Topological Sort vs DFS: Same Graph, Completely Different Goals

At some point in your graph theory education, someone told you topological sort and DFS were related. They were right. But in the same way a hammer and a house are related: one is a tool, the other is the job.

DFS is a traversal strategy; topological sort is an ordering problem. You can implement topological sort using DFS. You can also implement it without DFS at all. The confusion comes from seeing the DFS-based implementation first and concluding they're basically the same thing. They are not.

DFS Has No Opinions

Depth-first search answers one question: have I visited every reachable node? It picks a node, goes as deep as possible along one path, backtracks, and tries the next branch.

def dfs(graph: dict, node: int, visited: set) -> None:
    visited.add(node)
    for neighbor in graph[node]:
        if neighbor not in visited:
            dfs(graph, neighbor, visited)

DFS works on any graph: directed, undirected, cyclic, acyclic. It has zero opinion about which node should come before which other node. Its job is reachability, not ranking. Asking DFS to produce a dependency ordering is like asking a dog to drive. Technically you can strap it to the wheel, but it's not going to go well.
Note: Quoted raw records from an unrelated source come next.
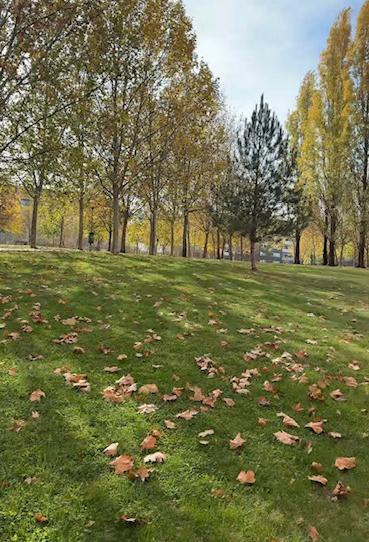 Photo 1 of Flat for sale in San Adrián, La Rioja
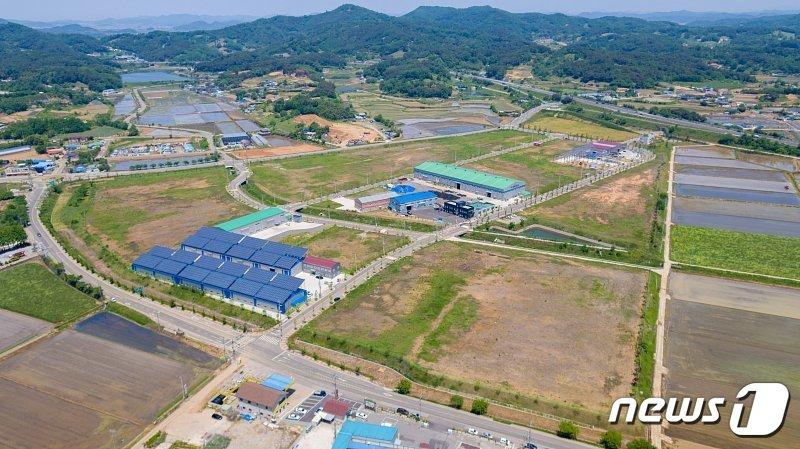 본문 이미지 - (사진은 기사 내용과 무관함) / 뉴스1 ⓒ News1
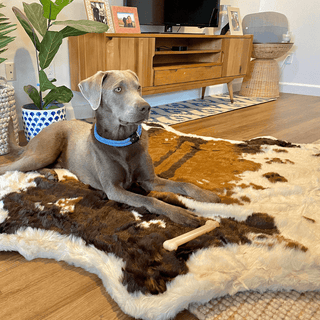 PupRug™ Animal Print Memory Foam Dog Bed - Brown Faux Cowhide | Plushie Depot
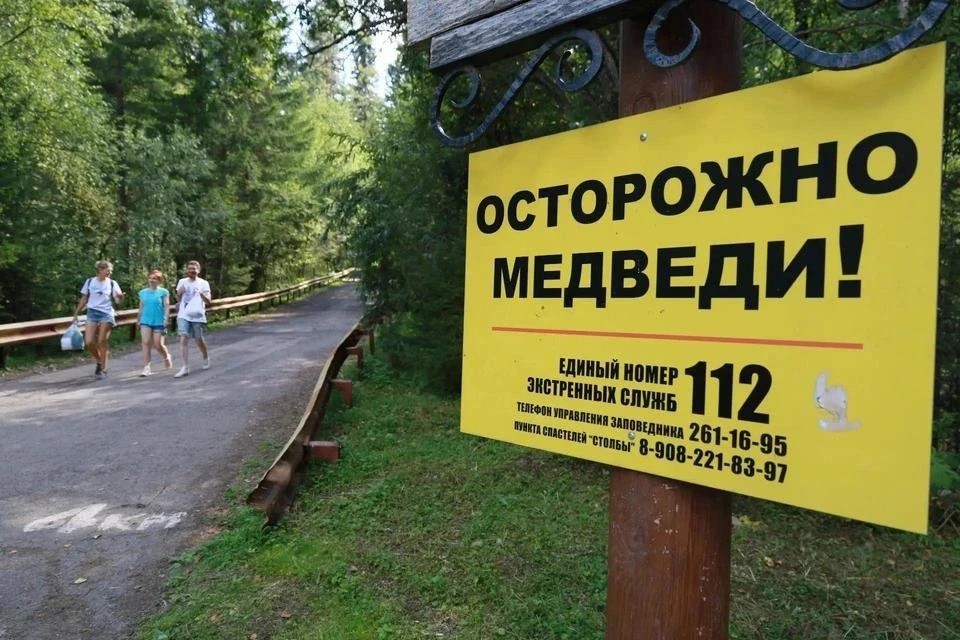 В Онгудайском и Турочакском районах действует режим повышенной готовности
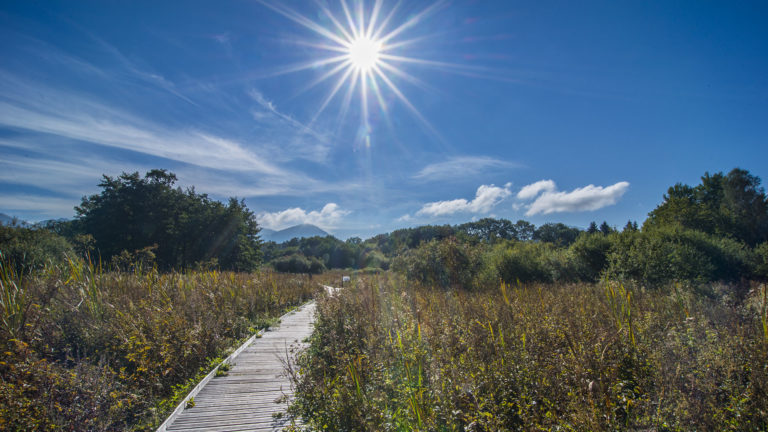 Le soleil brille au dessus du marais du maravant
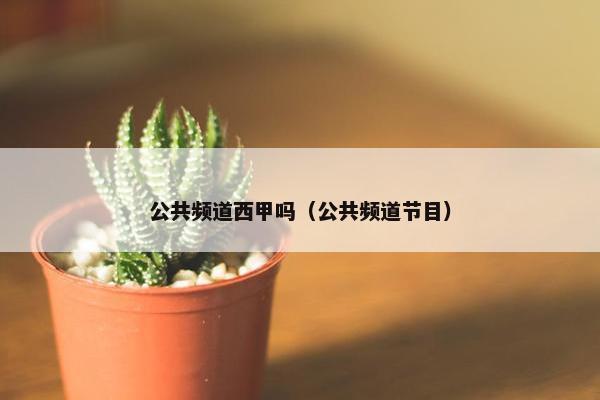 公共频道西甲吗（公共频道节目）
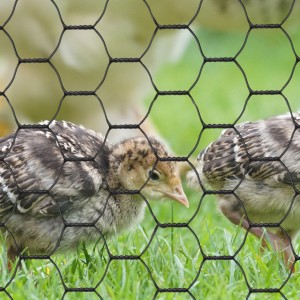 Environmental Plastic Coated Chicken Galvanized Wire Netting For Garden
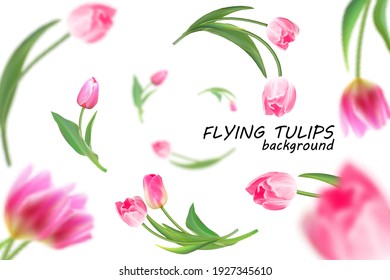 Pink tulips flying. Isolated vector EPS10 background for your design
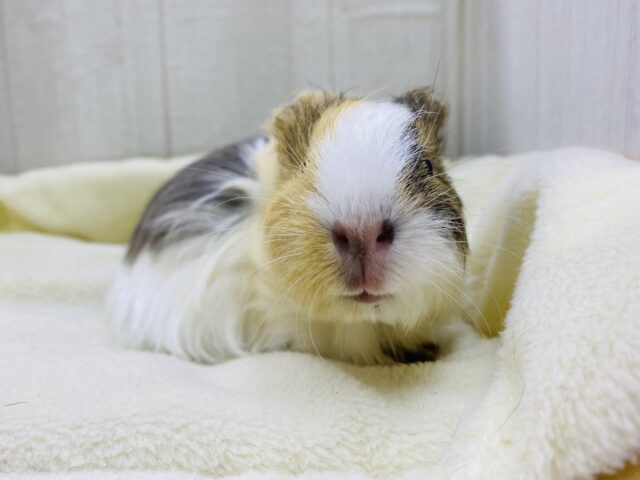 イングリッシュモルモット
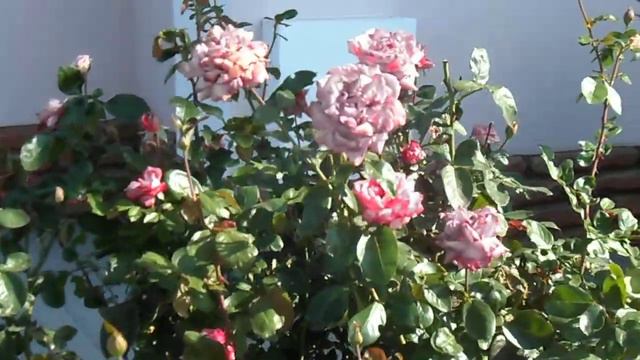 0617 храм св. Георгия Победоносца, Арабатская стрелка смотреть онлайн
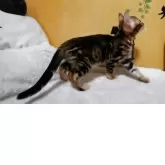 ベンガル【福岡県・女の子・2025年3月20日・ブラウンマーブルドタビー】の写真7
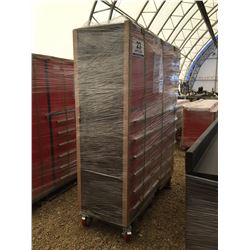 PROMASTER 22 DRAWER STEEL CABINET W/ CASTORS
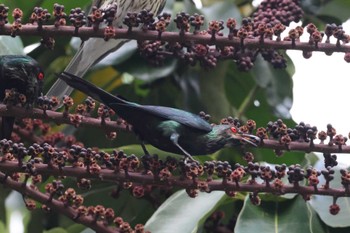 Metallic Starling Esplanade(Cairns) Wed, 4/10/2024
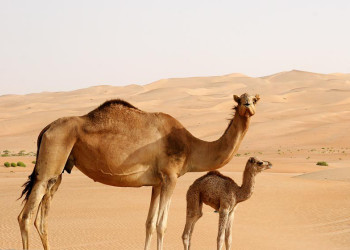 Абу-Даби, ОАЭ, фото № 60646 – фотографии ОАЭ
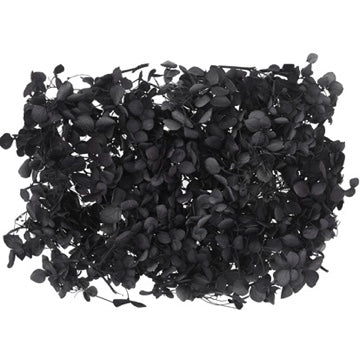 Dried Flower Box Hydrangea (Black)
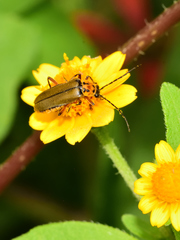 Chauliognathus hieroglyphicus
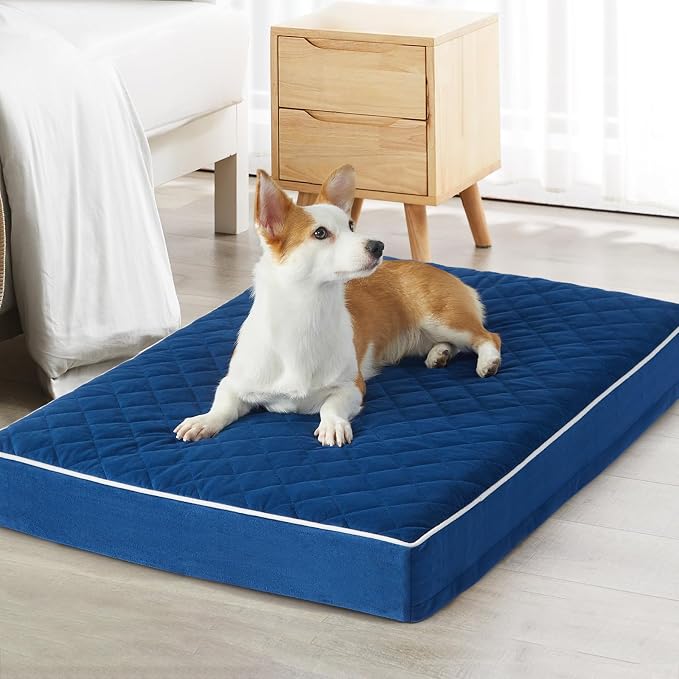 WNPETHOME Orthopedic Giant Human Dog Beds for Adult & Dog Cozy Sleep | Human Washable Waterproof Dogs Bed with Removable Cover, Multi-Needle Quilting Dogs Crate Bed for Relax , Blue 61x43 Inch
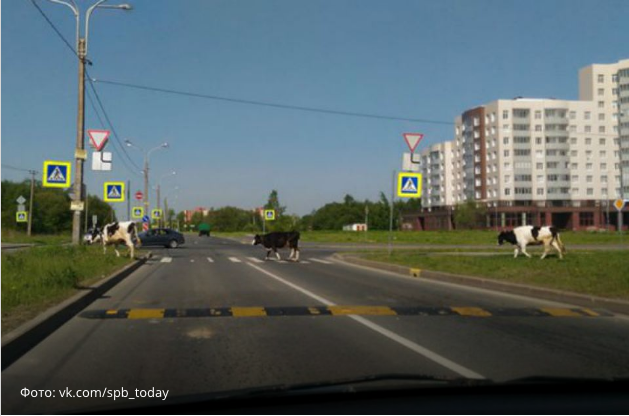 В культурной столице замечены коровы, соблюдающие ПДД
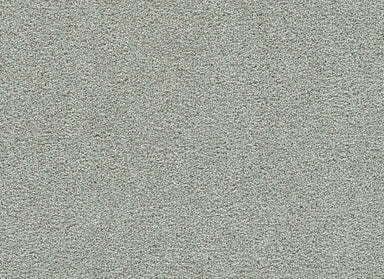 Clear Skies III in Pinetop Carpet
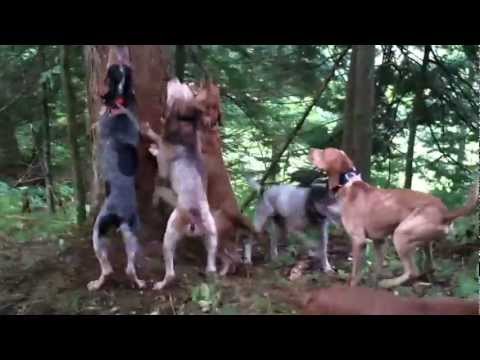 Bear Hunting with Hounds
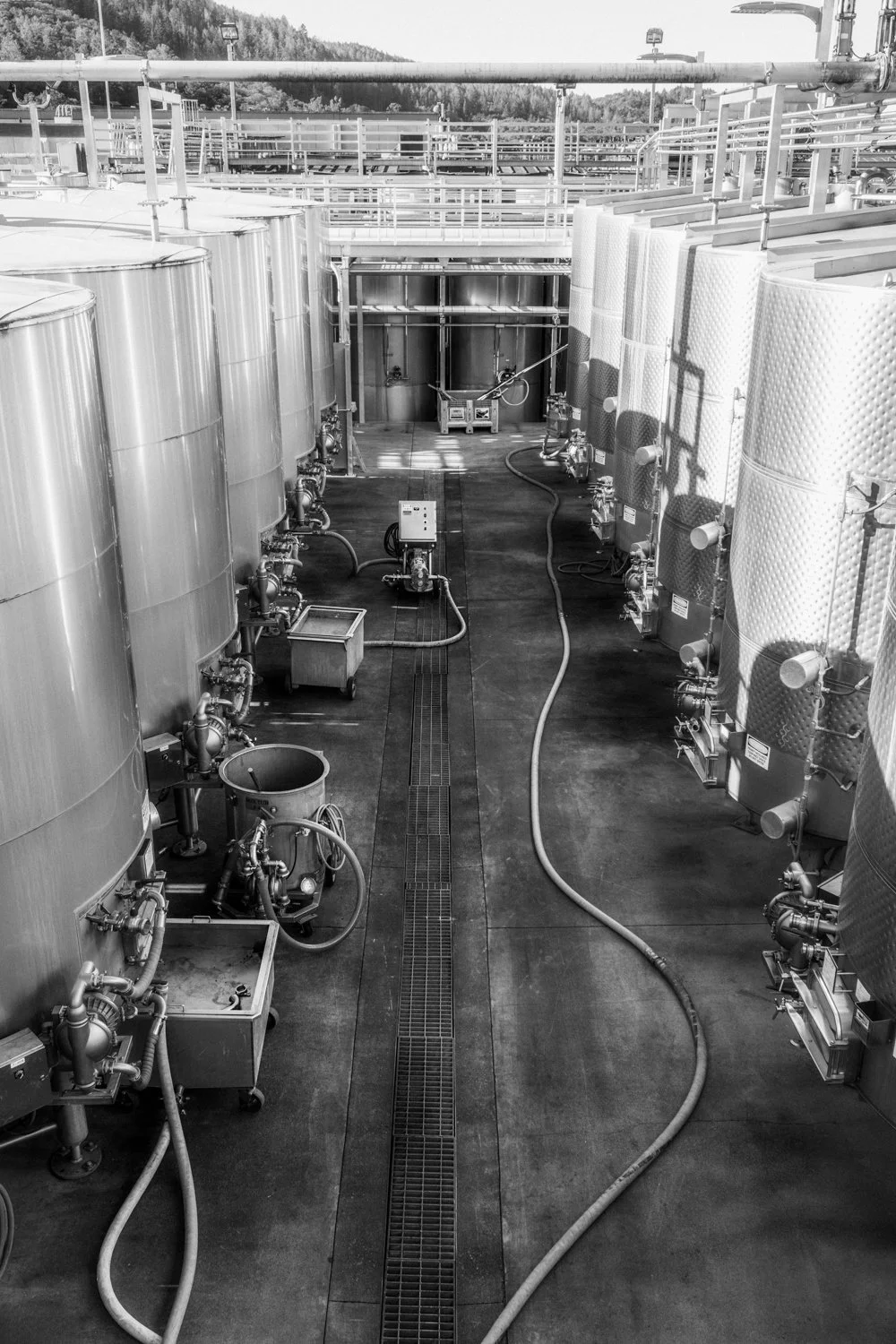 Behind-the-scenes winemaking at Beringer Vineyards in St. Helena, California – photographed by Lange Photo Studio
Use DFS when you need to explore all nodes, find connected components, or traverse a tree. The output is a traversal order. That is not the same as a valid dependency ordering. For a deeper breakdown, see Depth-First Search: The Algorithm Behind Half Your Graph Problems.

Topological Sort Cares Only About Order

Topological sort answers a completely different question: given a directed graph where edges mean "A must come before B," what is a valid linear ordering of all nodes?

Classic example: courses with prerequisites. Course 0 before course 1, course 1 before course 2. A valid topological order is [0, 1, 2]. There may be other valid orderings. But every valid ordering must respect every "before" constraint.

A → B → D
    ↓
    C → E

Valid orderings: [A, B, C, D, E] or [A, B, D, C, E]
Invalid:         [B, A, C, D, E]  (A must precede B)

Topological sort only works on Directed Acyclic Graphs (DAGs). If the graph has a cycle, there is no valid ordering. You cannot take course A before B and B before A simultaneously. When you ask for a topological sort of a cyclic graph, the correct answer is "impossible," not "here's my best guess."

Implementation 1: DFS-Based Topological Sort

Here is where the confusion lives. The most common recursive topological sort implementation uses DFS internally, which makes people think they're the same thing.

The idea: run DFS, but instead of processing a node when you first visit it, add it to a result list when you finish visiting it (post-order). Reverse the list when done. That is a valid topological ordering.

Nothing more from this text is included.